Starting with the line that contains "Garchomp C LV.X" and ending with the last line of the listing, print each line exactly. Pictures stay out.

■ ■ ■

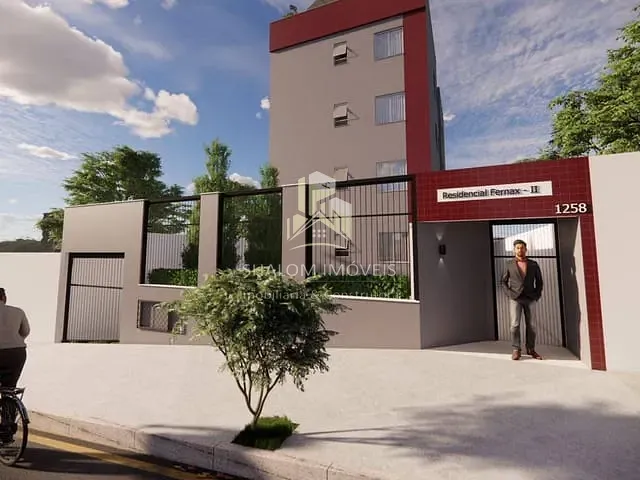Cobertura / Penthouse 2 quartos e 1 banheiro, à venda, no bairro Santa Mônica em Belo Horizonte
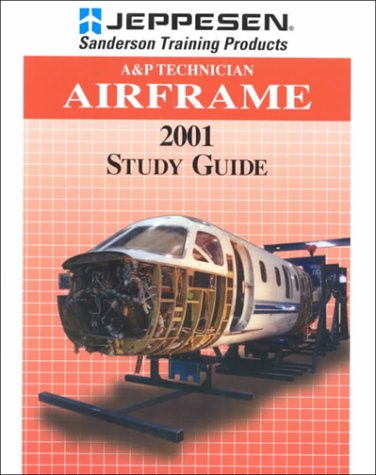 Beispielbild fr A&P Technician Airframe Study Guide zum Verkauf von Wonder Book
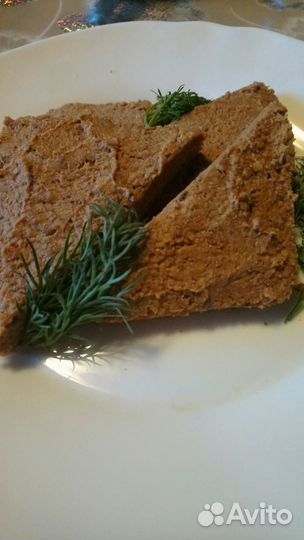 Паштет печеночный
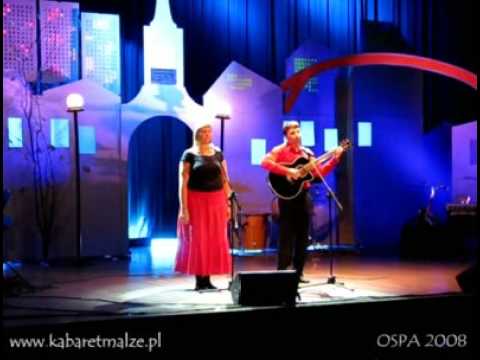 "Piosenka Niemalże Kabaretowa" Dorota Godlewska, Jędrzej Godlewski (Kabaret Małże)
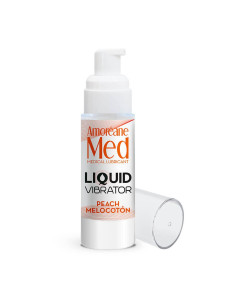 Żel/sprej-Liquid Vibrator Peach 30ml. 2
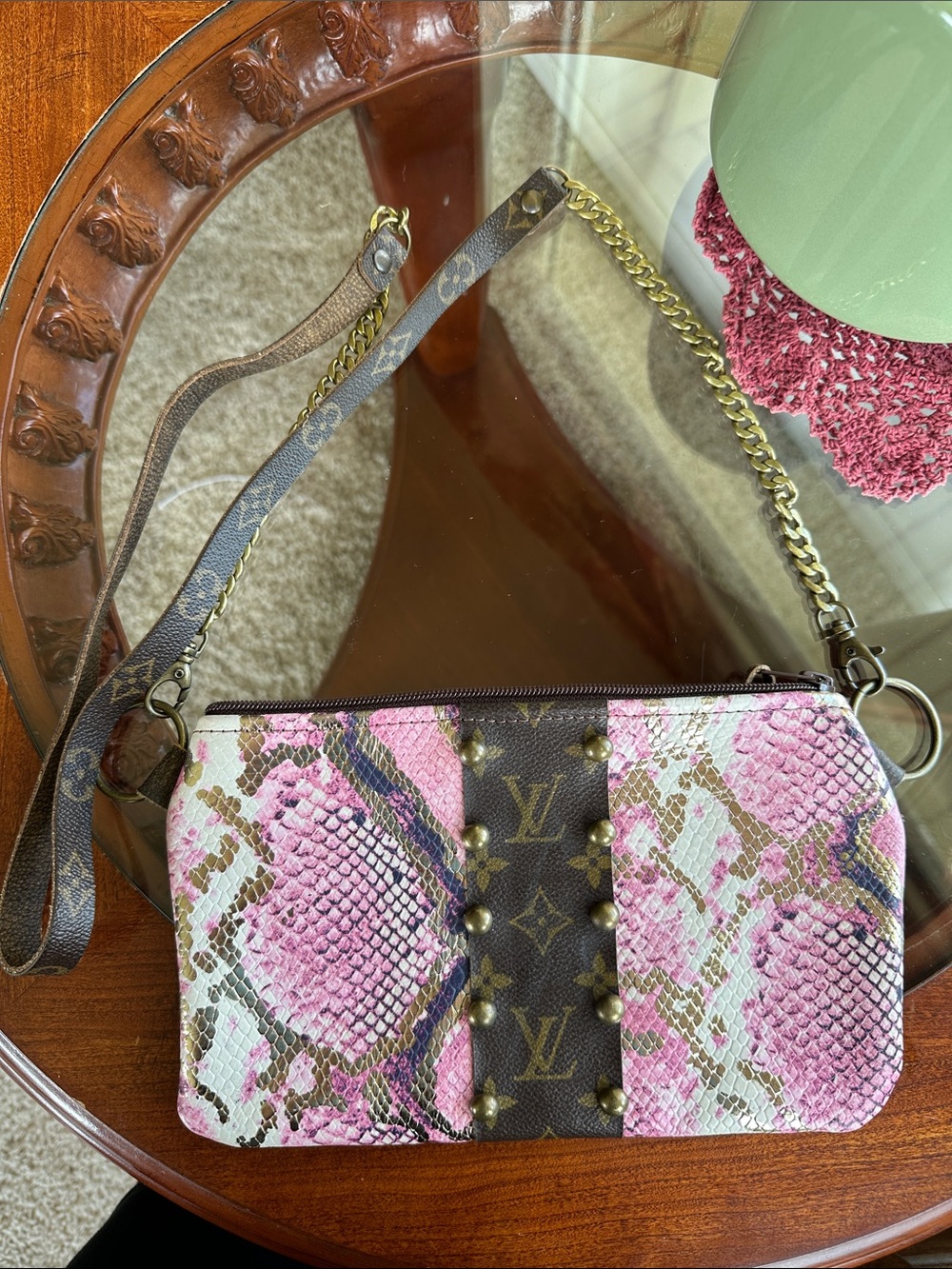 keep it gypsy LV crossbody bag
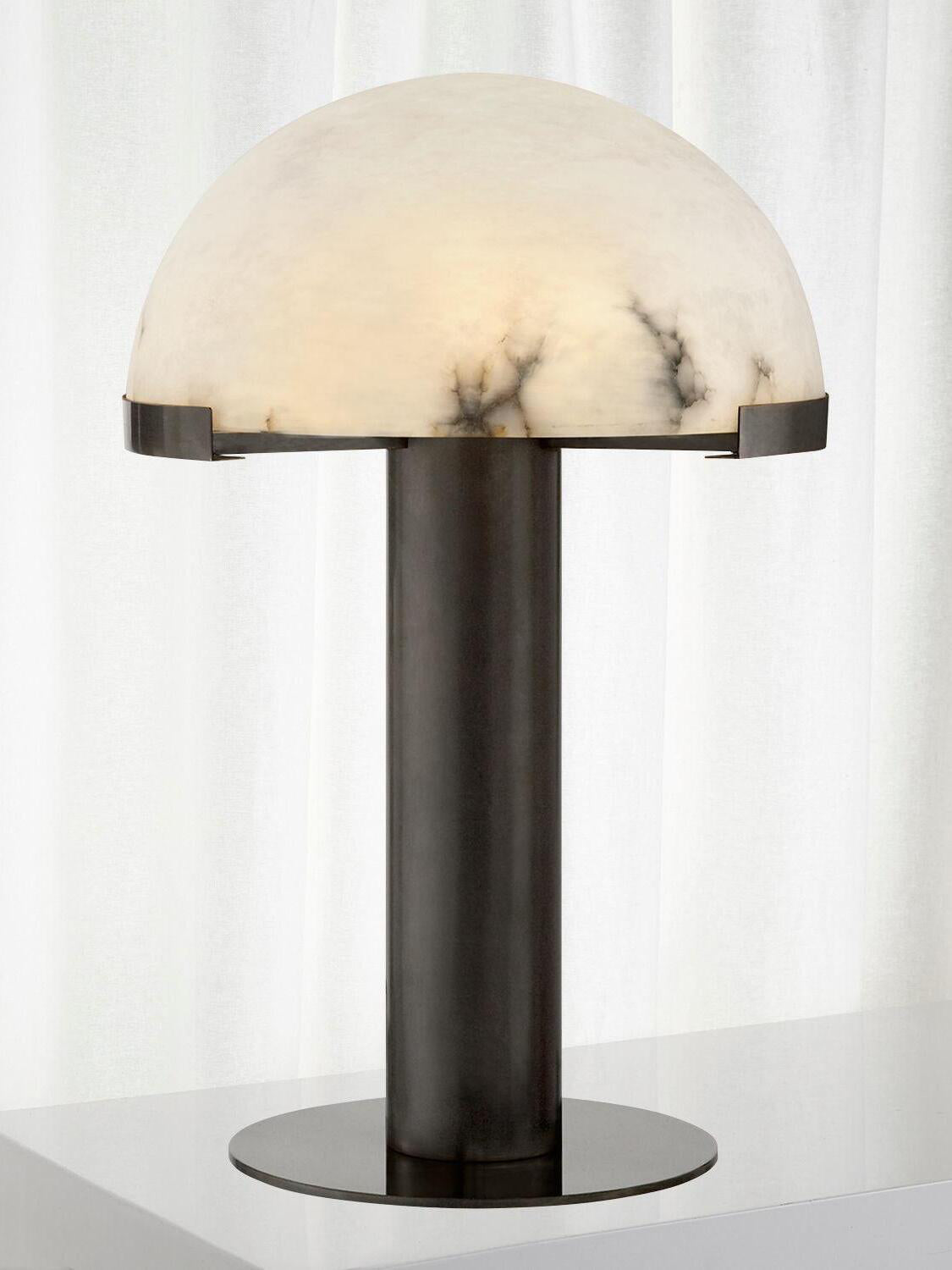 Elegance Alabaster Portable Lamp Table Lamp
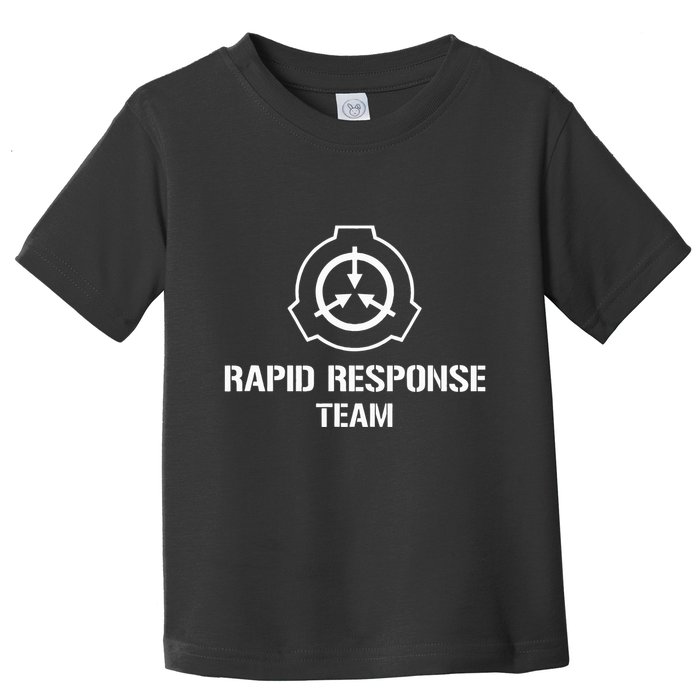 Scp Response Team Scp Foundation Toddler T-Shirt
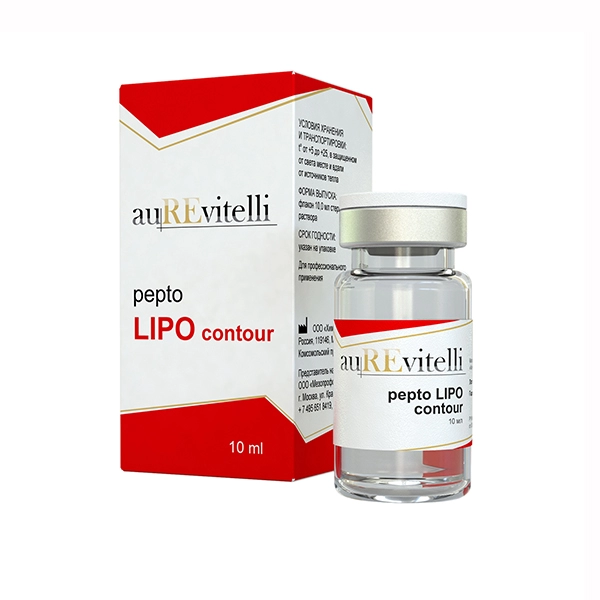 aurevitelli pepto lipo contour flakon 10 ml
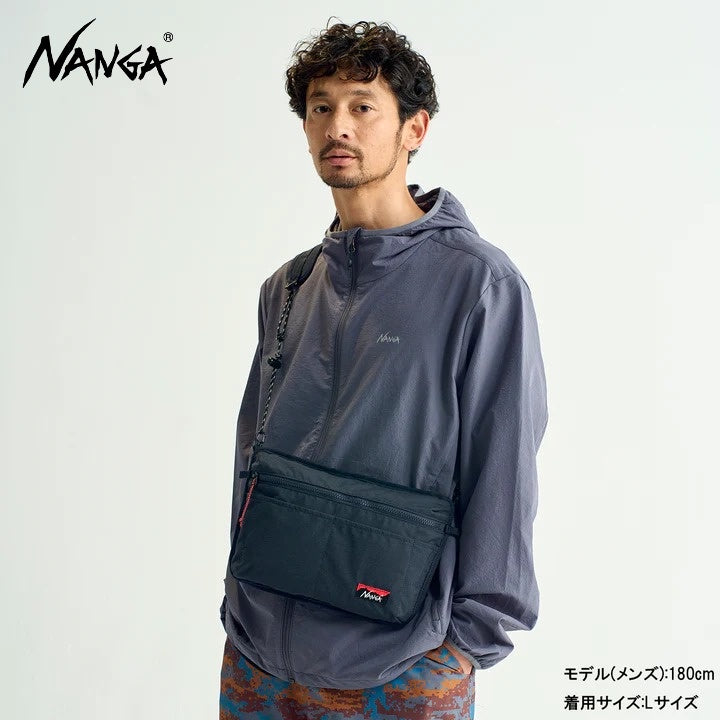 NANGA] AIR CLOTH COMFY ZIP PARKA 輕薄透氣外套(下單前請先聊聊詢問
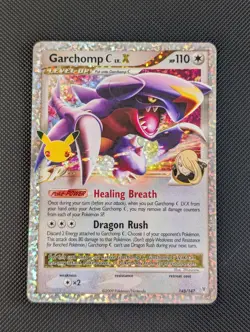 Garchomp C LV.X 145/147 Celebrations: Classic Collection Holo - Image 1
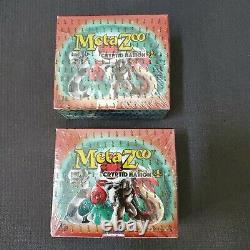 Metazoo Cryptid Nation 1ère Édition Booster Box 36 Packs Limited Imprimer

■ ■ ■

▶ _SOLUTION TO THIS TASK_:
 Garchomp C LV.X 145/147 Celebrations: Classic Collection Holo - Image 1
 Metazoo Cryptid Nation 1ère Édition Booster Box 36 Packs Limited Imprimer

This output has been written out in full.